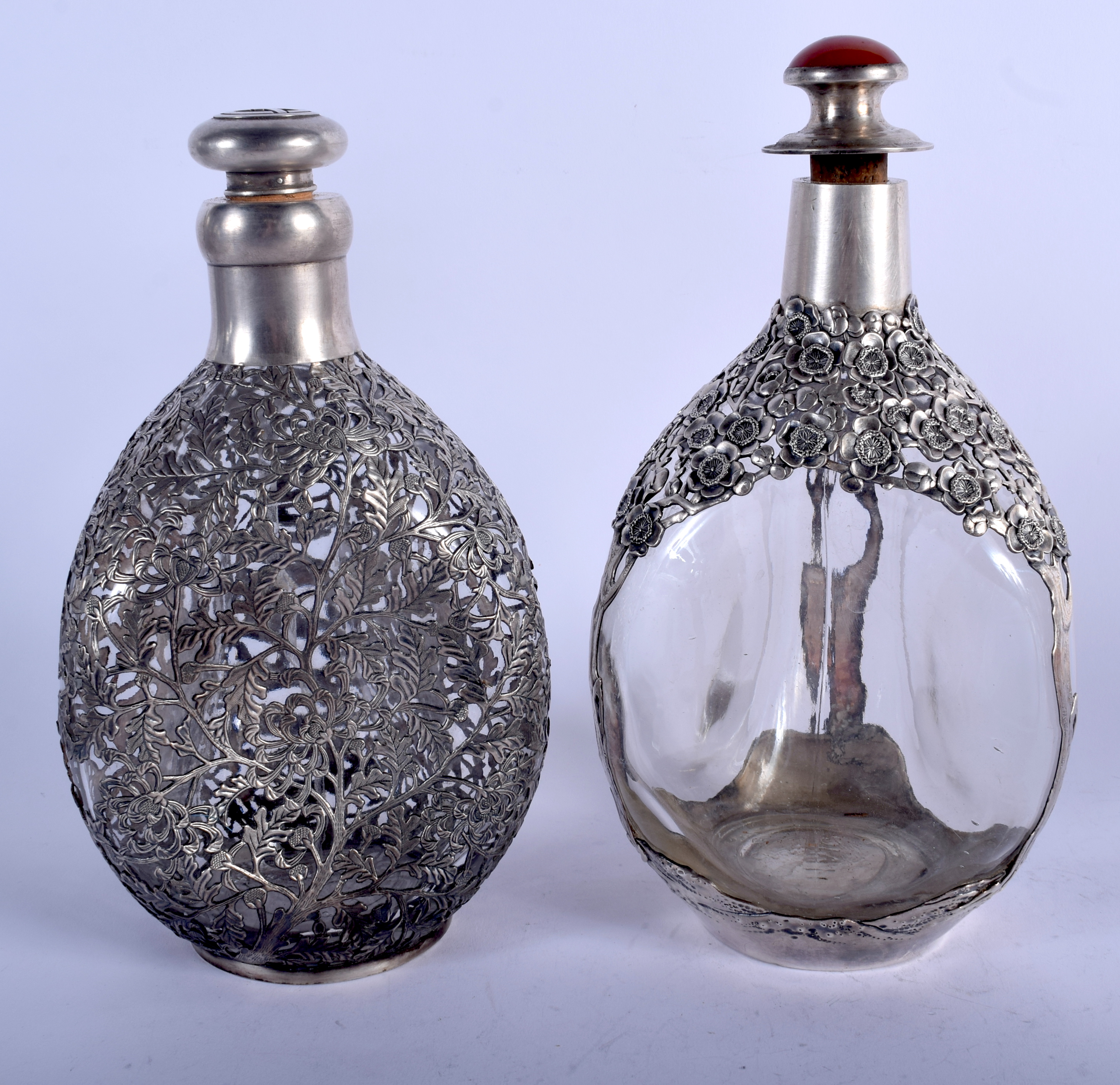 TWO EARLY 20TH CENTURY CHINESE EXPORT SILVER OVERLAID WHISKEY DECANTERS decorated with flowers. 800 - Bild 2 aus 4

---

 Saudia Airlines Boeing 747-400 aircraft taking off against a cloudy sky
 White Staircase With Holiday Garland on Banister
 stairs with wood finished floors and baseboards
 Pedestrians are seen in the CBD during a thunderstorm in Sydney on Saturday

==

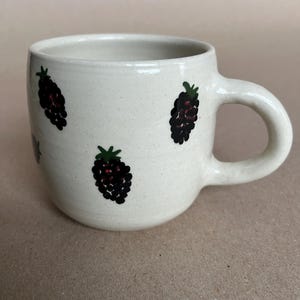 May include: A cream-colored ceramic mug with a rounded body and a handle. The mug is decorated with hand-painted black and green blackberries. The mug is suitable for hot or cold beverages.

§ **Exercise**:
Can you repeat, word for word, every line above from the one containing "Saudia Airlines Boeing" down to the one containing "Pedestrians are seen", including both?

§ **Task output**:
 Saudia Airlines Boeing 747-400 aircraft taking off against a cloudy sky
 White Staircase With Holiday Garland on Banister
 stairs with wood finished floors and baseboards
 Pedestrians are seen in the CBD during a thunderstorm in Sydney on Saturday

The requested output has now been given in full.